Monte de Megido
Historia 15/08/2021 08:00 am         


En las dos primeras décadas del actual siglo hemos sido testigos de estremecimientos muy profundos



Por Manuel Salvador Ramos


No hay duda en lo relativo a la traslación histórica que constituye el postmodernismo. Lo que ya en las últimas décadas del siglo pasado eran manifestaciones de conductas sociales heterodoxas y hasta extravagantes, alimentadas las mismas por expresiones de rebeldía en voces de intelectuales y artistas, ya son hoy la progresiva destrucción de paradigmas y la total revisión valorativa de verdades arrastradas por tres siglos. No obstante, al configurarse la postmodernidad como una avalancha rupturista debemos desentrañar las motivaciones profundas y captar la autenticidad histórica de conductas y expresiones, porque la saturación ideológica ha adulterado buena parte de sus esencias y perspectivas, con afán de empujar el sentido de las rutas hacia la consumación de un supuesto enfrentamiento purificador.

En las dos primeras décadas del actual siglo hemos sido testigos de estremecimientos muy profundos. Son, sin duda, los contenidos del torrente, pero al observarlos con serenidad racional y no con pasión emocional, vemos como tal ruptura de paradigmas no conlleva para algunos nuevas configuraciones epistemológicas sino el realce de postulados implícitos en el modernismo, los cuales dentro del ritmo histórico han sido desfigurados en la compleja dinámica de los poderes fácticos. Ahora bien, hemos hablado de racionalidad y en honor a ella nos preguntamos: ese poder transformador y magnificado del pensamiento, el cual indiscutiblemente enmarca el cambio ruptural de paradigmas, ¿se agota en un ejercicio de relanzamiento de postulados maximalistas?; ¿son ellos la Gestalt de la posmodernidad y del futuro civilizatorio?

El fanatismo ideologista pretende enfrentar la complejidad de esa interrogante de forma lineal. Se está ante la batalla suprema del ser humano, según el revolucionarismo, y por lo tanto el escenario para las luchas iniciales del gran combate debe acondicionarse usando un arma cuyo impacto sea a la vez destructivo y desmoralizador. Es el momento en el cual vemos como extraen de su arsenal de falacias las galimatías con las cuales buscan conferirle a la ignorancia un prestigio reivindicador.
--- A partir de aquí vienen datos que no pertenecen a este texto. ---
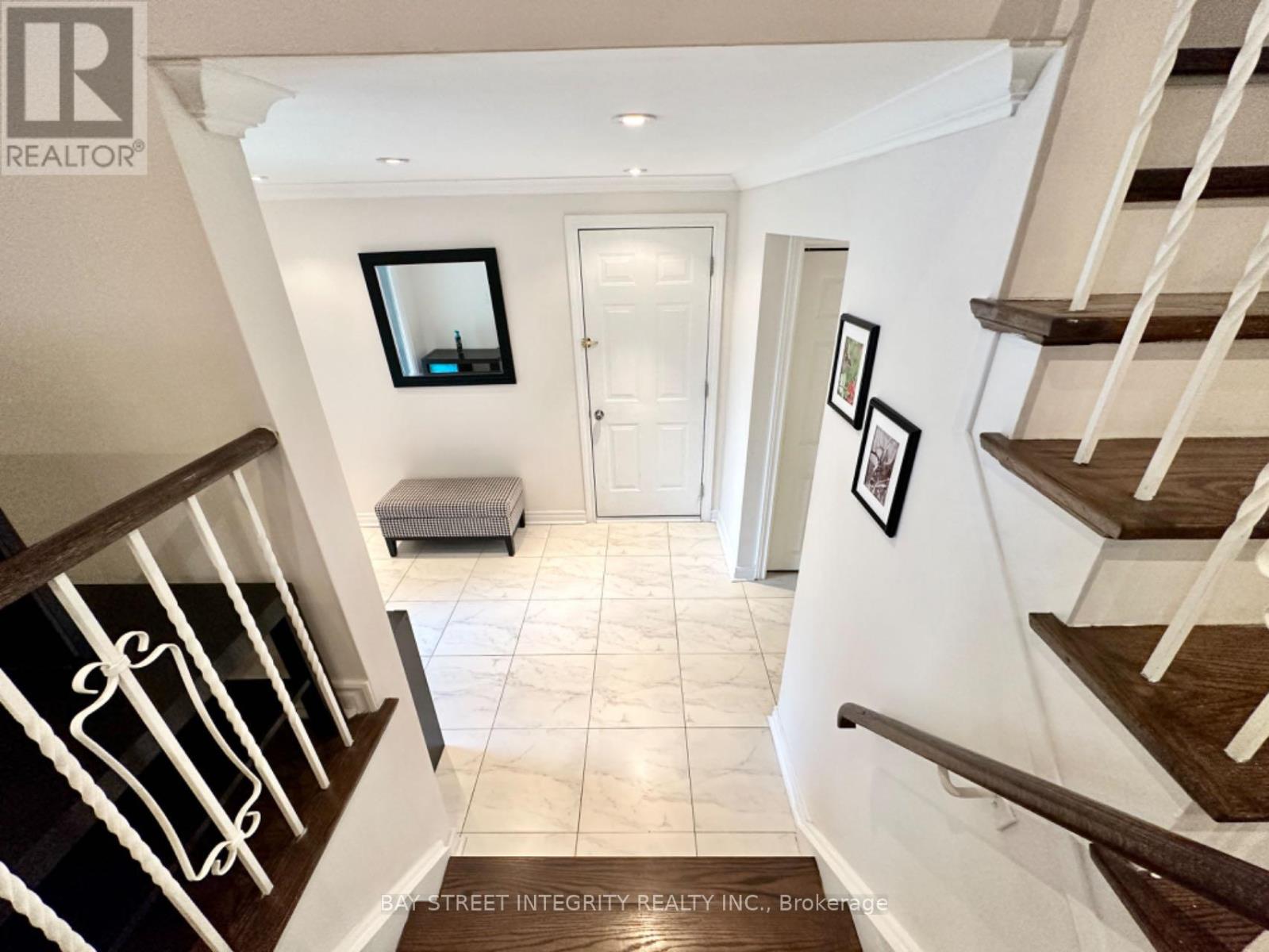 Photo 22 of 35 Lailey Crescent, Toronto ON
La herencia del “saber hacer”, legado notabilísimo del pensamiento europeo, busca ser desplazado por una glorificación del “no saber” como símbolo de la pureza originaria. La excelencia pasa a ser, consecuencialmente, una instrumentación de los poderes que han sojuzgado al hombre. Según tal premisa, entre el pueblo y el saber no solo hay una distancia abismal sino una dicotomía insalvable, y por ende las élites políticas y tecnocráticas solo son cenáculos donde se forjan las maquinaciones destinadas a socavar la supremacía moral, propiedad exclusiva de “Los condenados de la tierra”, al decir del gran Frantz Fanon. Es obvio entonces que dentro de esa visión se catalogue a las universidades como reductos de elaboración de saberes para “aniquilar del pueblo” y de ello deriva que es absolutamente necesario desconocerlo anterior y traer un nuevo pensar.
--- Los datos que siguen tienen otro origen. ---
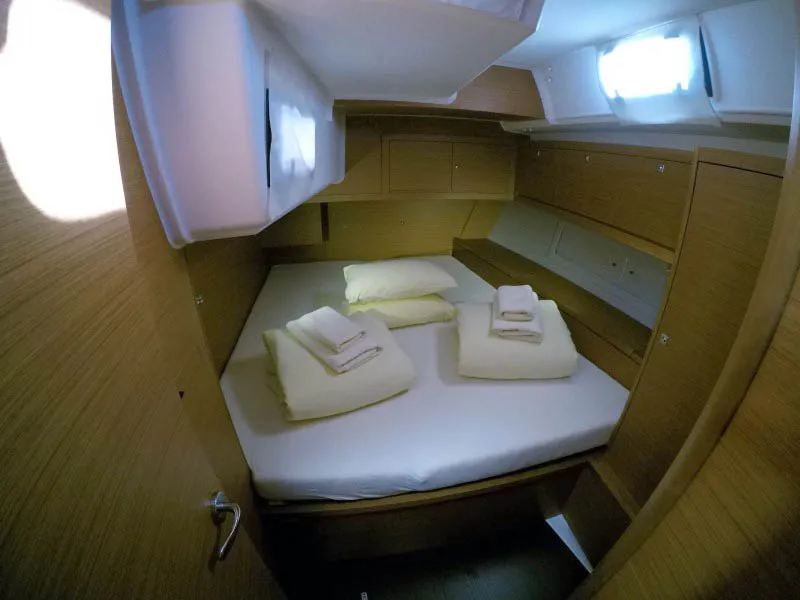 Cabin on Alibaba, a Dufour 470 sailboat at Grad Šibenik, Croatia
La fraseología falaz se ha maridado con carencias educativas y culturales lamentable e innegablemente presentes y por ello muchos pensadores complacientes vitorean el supuesto “aire fresco”. América Latina, región que ha visto llegar la postmodernidad sin que en buena parte de su andamiaje estructural haya fraguado aún la modernidad, ha sido campo de experimentación de tales visiones “innovadoras” y los casos mas recientes los observamos en ciertas tendencias muy significativas dentro del caso chileno, potenciándose las mismas al enfocar la perspectiva de los acontecimientos en Perú y los anclajes del atavismo político populista en otros países.

Es cierto que en alto grado tanto la fecundidad histórica del saber como el adelanto tecnológico alcanzado hoy, no han sido eficientemente encauzados para combatir los males y carencias que sufren millones de seres, pero el desafío del futuro para alcanzar metas significativas y estables con respecto a ello, no puede reducirse a la aplicación mecánica de cartillas doctrinarias que deforman la naturaleza trascendente del ser humano. El devenir civilizatorio está en manos de los liderazgos que sepan fusionar la probidad intelectual con la esencia ética y la profundidad humanística.